283753 Alamo: Automatic Learning of Algebraic Models for Optimization

Tuesday, October 30, 2012: 8:30 AM
328 (Convention Center )
Alison Cozad1, Nick Sahinidis1 and David C. Miller2, (1)Chemical Engineering, Carnegie Mellon University, Pittsburgh, PA, (2)U.S. Department Of Energy, National Energy Technology Laboratory, Pittsburgh, PA

We address a central problem in machine learning, namely that of learning an algebraic model from data obtained from simulations or experiments.  The problem arises naturally in situations in which there is a need to replace a computationally intensive model with a cheaper to compute surrogate or reduced order model.  The problem also arises in situations in which one is interested in developing a theoretical model from experimental measurements.  We are interested in developing a technique that learns models that are (a) as accurate as possible and (b) as simple as possible.  Requirement (a) is obvious, while requirement (b) is driven by our desire to utilize the developed model in further studies, for instance by embedding it in a larger multi-scale model for optimization, simulation, or analysis.  Finally, we are interested in developing methodology that achieves the above goals without requiring too many simulations or experiments.

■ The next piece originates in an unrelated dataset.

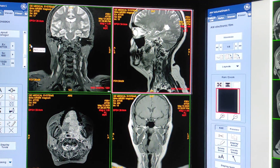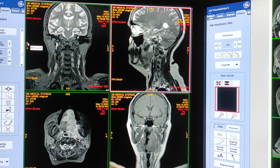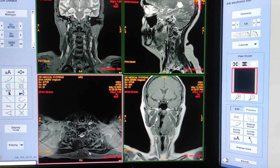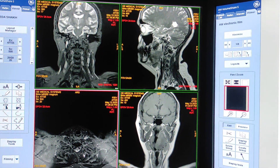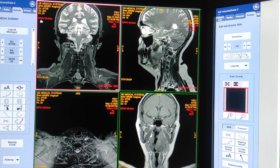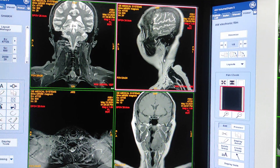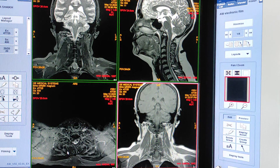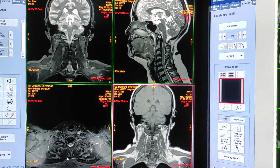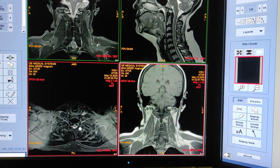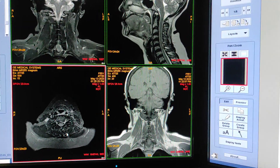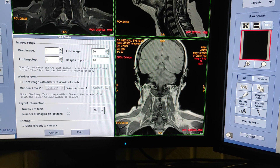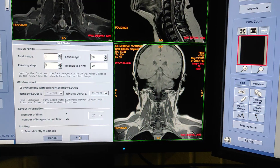First we will see how many images we have taken, and according to that we have to set the format of the films. We have 20 images for axial STIR, 20 for coronal STIR, 20 for SAG T2, 20 for coronal T1. Similarly, axial post-contrast 20 images, coronal post-contrast 20 images, and sagittal post-contrast 20 images. Click on the box, press F4 — everything is already set to 20-image format — then click print directly.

We present a methodology aiming to achieve the above requirements.  The proposed approach begins by building a low-complexity surrogate model.  The model is built using a best subset technique that leverages a mixed-integer linear programming formulation to allow for considering a very large number of possible functional components in the model.  The model is then tested, exploited, and improved through the use of derivative-free optimization solvers to adaptively sample new simulation or experimental points. 

Finally, we describe ALAMO, the computational implementation of the proposed methodology, along with extensive computational comparisons between ALAMO and a variety of machine learning techniques, including Latin hypercube sampling, simple least squares regression, and lasso.